I remember one time in Berkeley overhearing a conversation between a couple of friends in the ward, who were talking about how working women in the church didn’t have a voice, and they were talking particularly about their mothers’ experiences with unkind judgments when they had worked. I remember thinking that I doubted these young women (who weren’t yet moms themselves) had experienced how far the pendulum had swung back, to where in many instances a mom who chooses to be home full-time is looked down on, diminished, or disapproved of, even occasionally by other women in the Church. Of course it’s true that mothers with a necessity (or at least a strong reason) for being in the workplace do sometimes get judged unkindly by others in the Church. But so has Julie Beck been, when she’s been so tactless or politically incorrect as to suggest that LDS women ought to be good homemakers. [Note: That was my tongue in my cheek; personally I do not find Julie Beck to be tactless or politically incorrect.]

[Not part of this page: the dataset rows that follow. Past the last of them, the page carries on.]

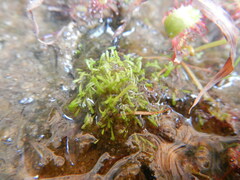Utricularia bisquamata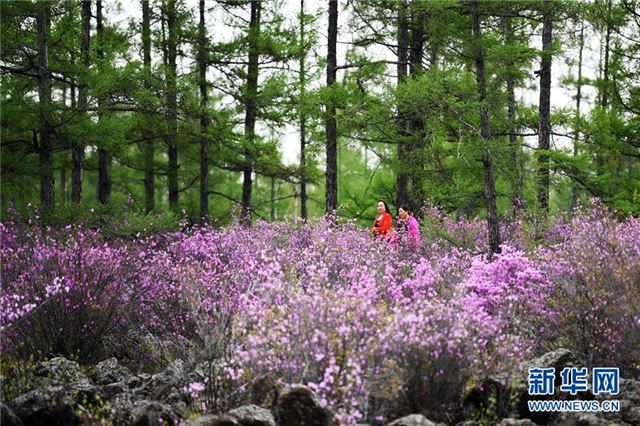 (环境)(3)杜鹃花海迎客来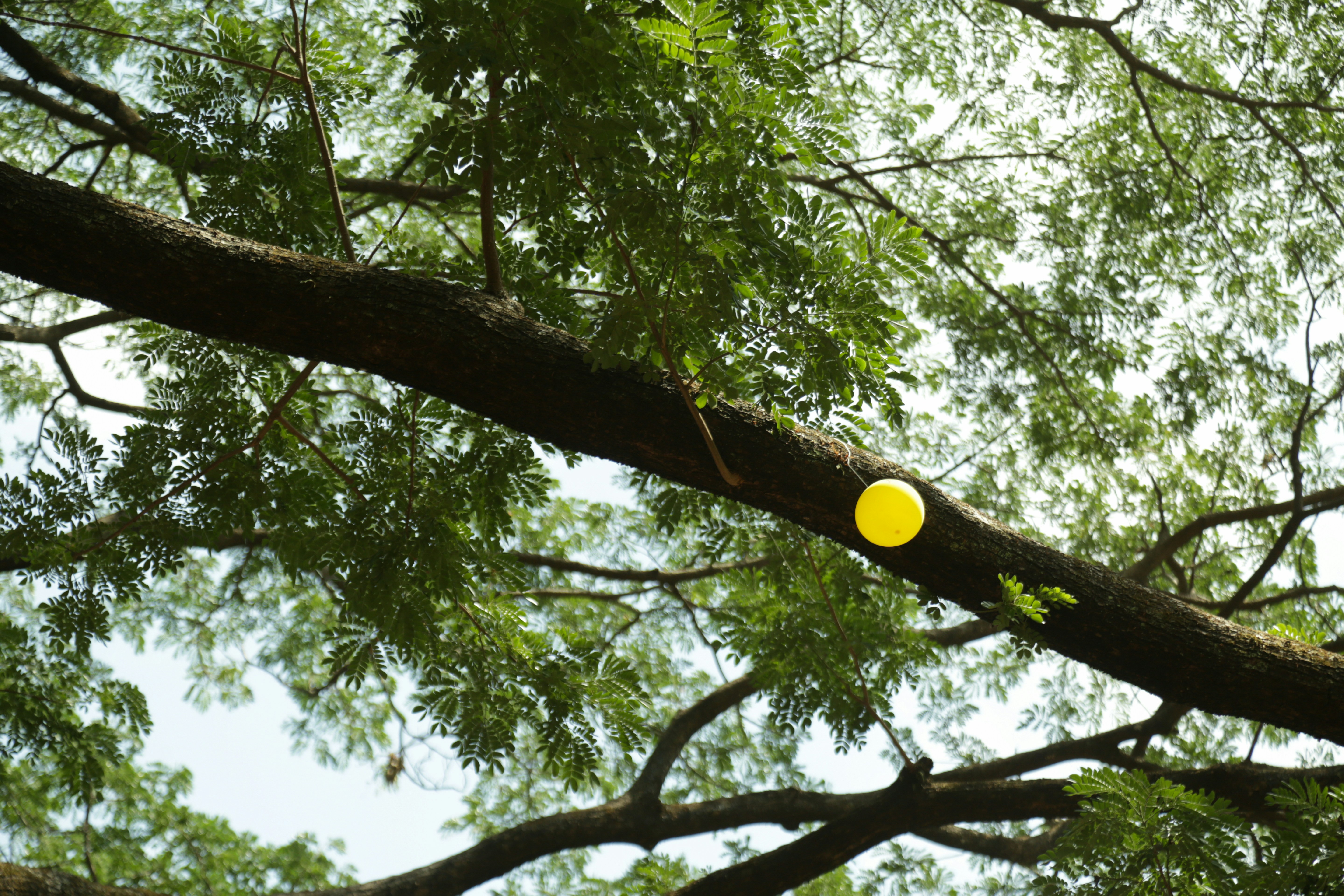 Photo by aiswarya_anil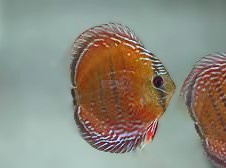 Prodej terčovců, L-sumců, skalár, rejnoků a jiných ryb - 5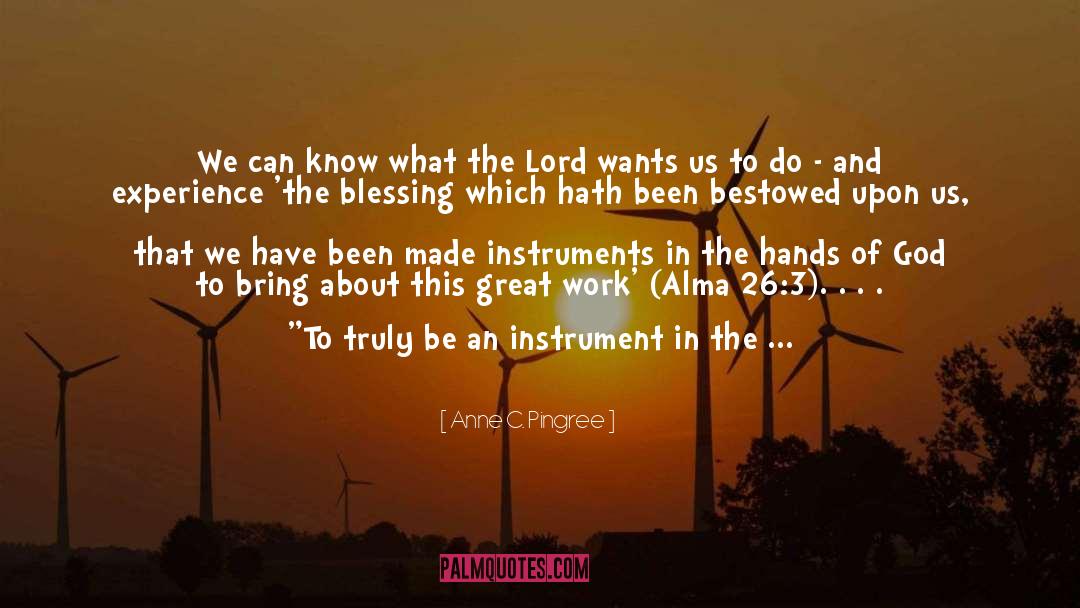 The Blessing quotes by Anne C. Pingree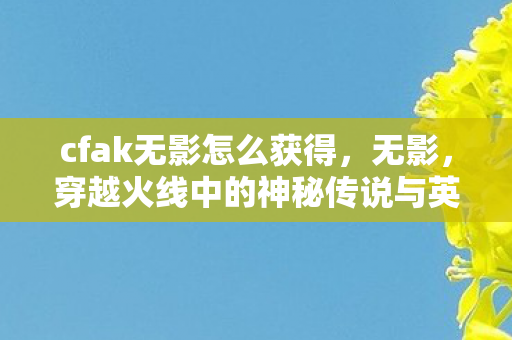 cfak无影怎么获得，无影，穿越火线中的神秘传说与英雄之路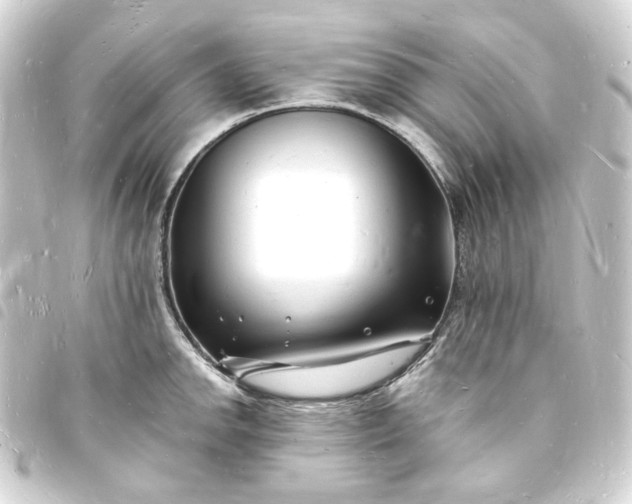 X0000093721142200710301019
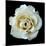 White Rose II-Jim Christensen-Mounted Photographic Print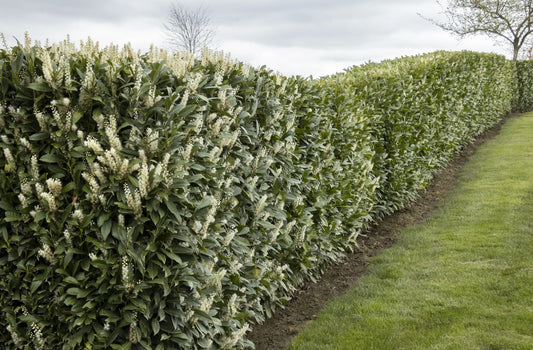 Prunus laurocerasus 'Schipkaensis' Schipka Cherry Laurel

Rarely, but occasionally, I’ll start thinking that I’m not doing enough to distinguish myself nor develop my talents–and it’s not because I’ve mastered my domestic responsibilities and need more pursuits to fill my time. In fact, I think it’s because I haven’t mastered homemaking and child rearing, and am beginning to doubt that I ever will master them, so I crave some other arena where I can shine. (An alternate arena that’s likely in some ways to be less demanding.) Again, I haven’t felt that way terribly often, but I’ve been feeling it somewhat lately. Maybe it’s because recently I’ve encountered some amazing and very talented people whose accomplishments I envy, or, again, maybe it’s because it’s hard for me to see my successes on the home front. I also, just occasionally, feel that I’m somehow spoiled or decadent to stay home with my kids, as that “privilege” becomes rarer in the world. But then I remind myself not just that doing this job involves real and great sacrifices, but also that I absolutely believe that having a present and engaged mother is by far the best circumstance for kids, whenever it’s possible. I even probably enjoy being stuck at home with my kids more than many women do, but I still really would love for it to be the kind of a job I felt like I could master. (I do also believe that all parents need some creative outlet other than parenting and homemaking, but often the demands of parenthood can mean keeping those interests at a simmer rather than a rolling boil, during the most crucial child-rearing years.)
I do think in the world in general, the role of stay-home-mom is under a heavy barrage of attack, and I’m extremely grateful for the encouragement and support I get from the Church in reminding me that this thing that I wanted for myself and for my kids really is possible, valuable, and worthwhile.
(I think I might also put this comment up at my blog. I don’t know why I typically write essays in other people’s comment boxes instead of at my own blog–although the first paragraph of this comment might partly explain that tendency of mine.)
After making the above comment a few days ago, by today I didn’t even recognize those feelings of semi-thwarted-ambition I expressed, because the things I’d said had helped me work through those feelings to the point that they evaporated (at least for now.)
I do have a few more responses to Darlene’s original post, now, though:
I think that creating a space where people feel safe to express their true feelings is very important, but in a Church context there’s an intrinsic tension in that the Church can and should stand for something; a Church whose only goal is to make everyone feel good about any and all choices can’t have any real meaning, but on the other hand, we definitely believe, in the Church, that we should be accepting and loving and that only God can ultimately judge our accountability for our decisions. (We can, however–and this is a very widely misunderstood concept–judge the actions themselves.) So I guess the fine line we walk is to teach true principles and let people govern themselves, and to stand for good general truths without presuming to know others’ hearts or the particulars of their circumstances. Hopefully the combination of frankness about true principles combined with compassion towards specific situations is what will make people feel “safe,” no matter what principles and practices they’re still struggling with or have mastered.